Today’s report is a bearish report. Both corn and soybean production and yields were above trade expectations and near the high end of estimates. Corn production was estimated at 15.153 billion bushels with a yield of 175.1 bushels per acre. Ending stocks were estimated at 2.409 billion bushels. The US soybean production was estimated at 4.060 billion bushels with a yield at 48.9 bushels per acre.
Old crop US corn exports were increased 25 million bushels while new crop corn exports jumped to 2.175 billion bushels, up 125 million bushels from last month. Old crop soybean US exports were up 85 million bushels with new crop exports were up 30 million bushels. The strong demand increases account for keeping soybeans from being down 30 cents or more. The ending stocks of 330 million bushels will keep the bears feeling good for the day. Again watch to see what where grains close.
The USDA report today is a monthly supply and demand report. Traders are heavily focused on corn and soybean production in the US. For US corn and soybeans they will be watching both total production and yield. Those numbers are easy to focus on with US corn and soybeans the main talk of the town as the growing season wraps up in a few weeks. This USDA report is the first report using actual field samples of corn and soybeans to aid in determining production and yield estimates.
It appears the trade is heavily focused on the supply side of today’s report. Production and yield are easy to talk about. Everyone has an opinion. Discussion on demand has been largely absent ahead of this report. Demand continues to be strong for both soybeans and corn from the US. On Tuesday US soybeans had their 10th day in a row of old and/or new crop soybean sales to either China or unknown destinations.

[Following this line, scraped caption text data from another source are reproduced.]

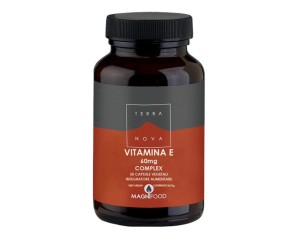 TERRANOVA VITAMINA E COMP50CPS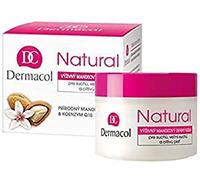 Dermacol - Natural mandlový denní krém 50 ml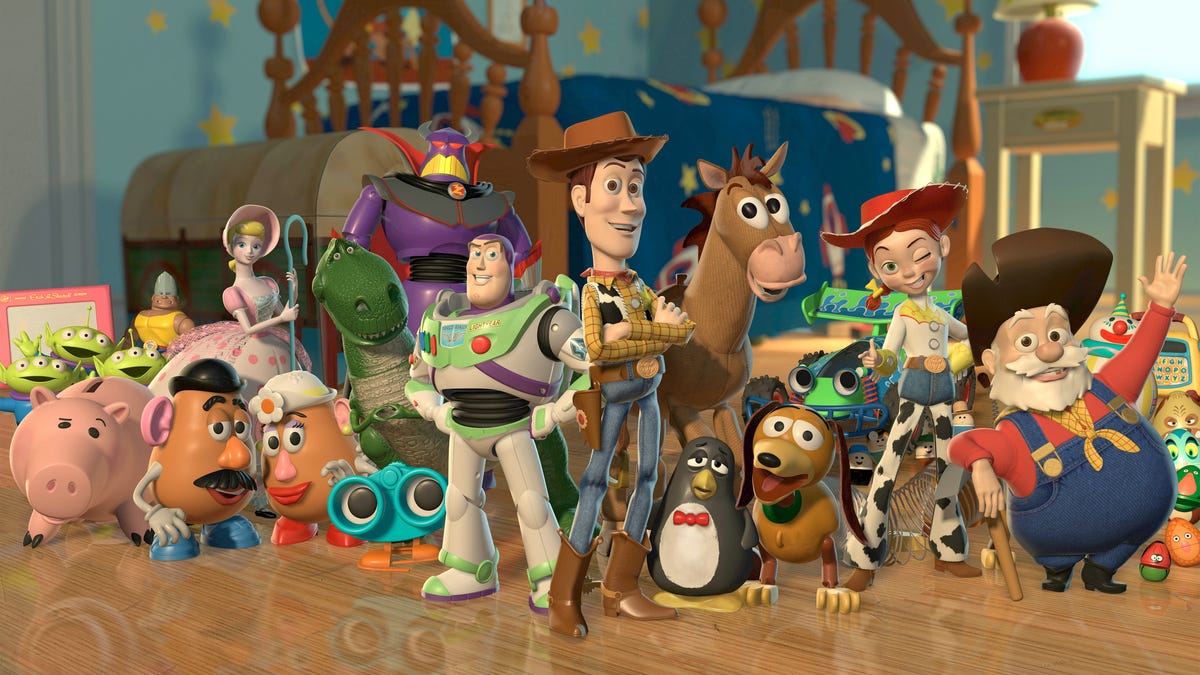 Asi Fue Como Pixar Rescato Toy Story 2 Tras Eliminarla Y No Tener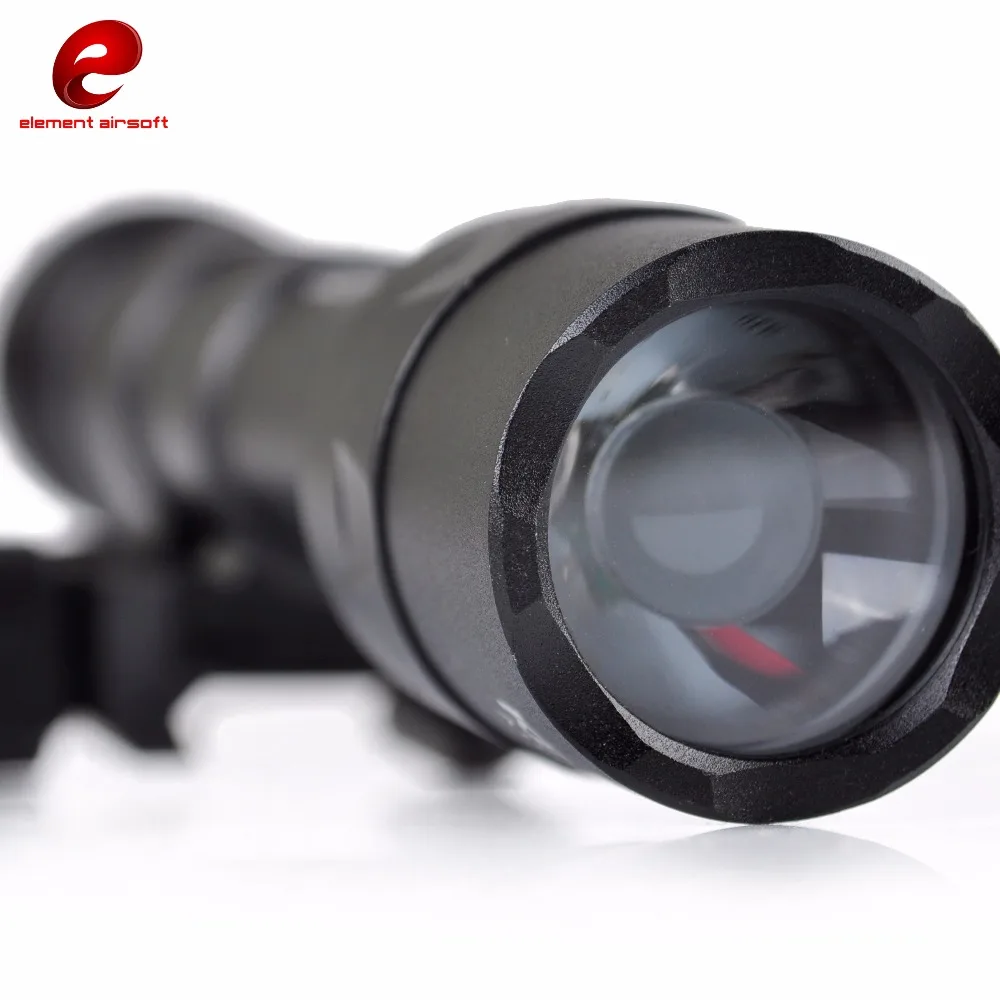 Элемент M600U Scout свет СВЕТОДИОДНЫЕ 500 Люмен СИД CREE XP-G R5 Пистолет Фонарик Полная Версия Охота Пистолет Водонепроницаемый Факел БЫВШИХ 356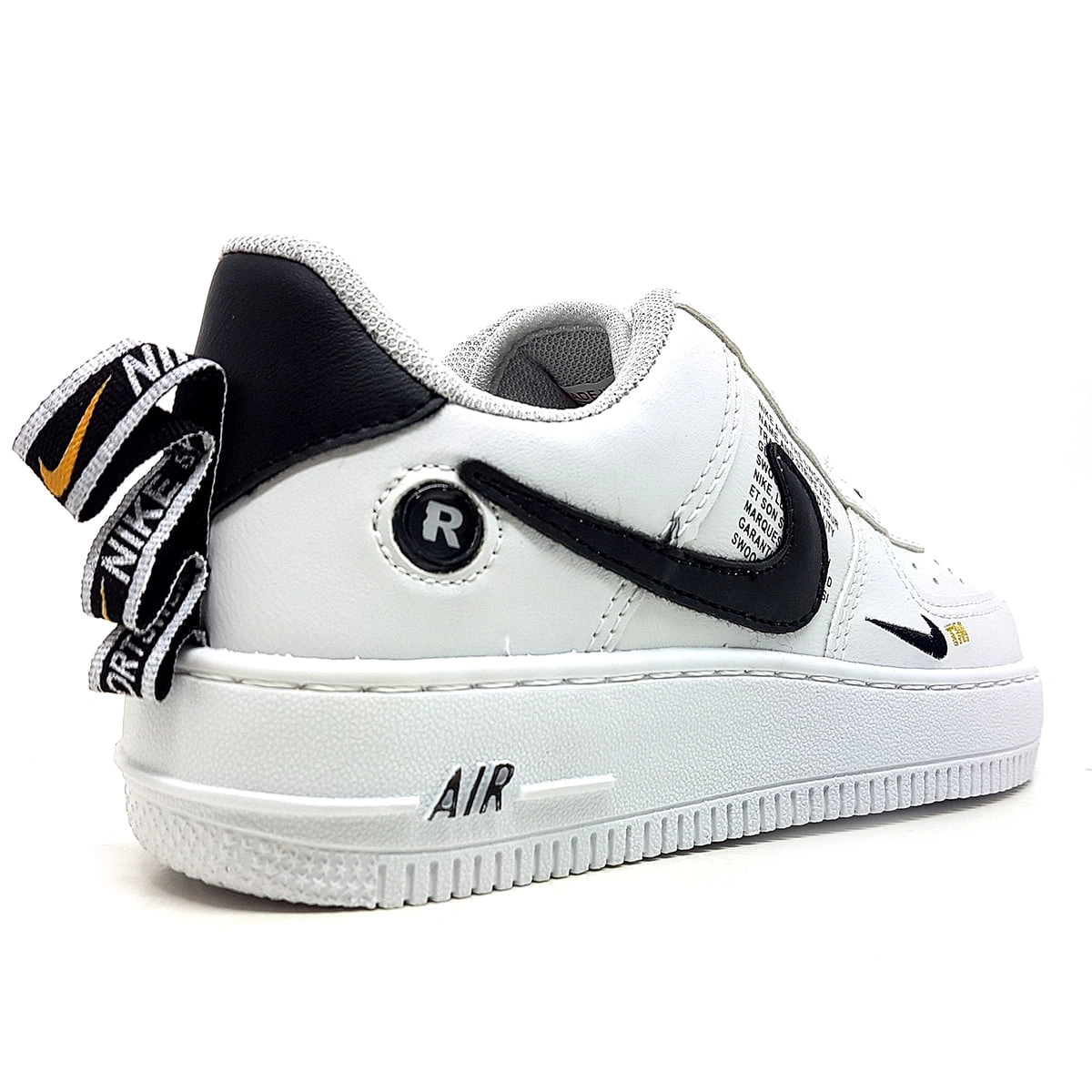 Tênis Nike Air Force TM - Imagem 8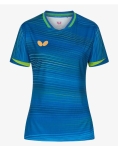 Camiseta Butterfly Nagano Lady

The market has been consolidating and trading in narrow price ranges for corn and soybeans the past two weeks. Any kind of surprise could yield a spike of 10-15 cents for corn and 20-50 cents for soybeans within a few minutes.
Prior to the report corn was down 3 cents, soybeans down 9 cents, and wheat was down 2 cents. Near the 12:30 pm time frame, corn was down 7 cents, soybeans down 12 cents, and wheat down 8 cents.
The previous estimates for new crop corn and soybeans began with the May report as USDA used trend line yields of 168 bushels per acre for corn and 46.7 bushels per acre for soybean for each of the May, June, and July reports. The July report did feature a small revision for corn and soybean acres using the June 30 acres report.
Grain prices have been in a downward spiral since June 14. On that day December CBOT corn closed at $4.48 ¾. Last night it closed at $3.31 ¾. That same day November CBOT soybeans closed at $11.48 ¼, while last night they closed at $9.84. Frequent rains across much of the Midwest improved yield prospects from earlier indications. Bear in mind that not all areas received those rains since mid-June. The “I” states of Iowa, Illinois, and Indiana received those rains. Ohio did not.
Don’t be surprised to hear drought stricken corn harvested in Ohio in the next two to three weeks. Corn on gravel ground in Circleville is done, the growing season shortened by both heat and a lack of rain in July. Northwest Ohio has also suffered from a lack of moisture as well as other areas of Ohio, particularly north of I-70.
Prior to the report traders had estimated the US corn yield at 170.6 bushels per acre and total production at 14.757 billion bushels. The July estimates from USDA had US corn production at 14.540 billion bushels with a US yield of 168 bushels per acre. Trade estimates for soybeans were 3.941 billion bushels with a US yield of 47.5 bushels per acre. Last month USDA estimated soybean production at 3.880 billion bushels and a yield of 46.7 bushels per acre.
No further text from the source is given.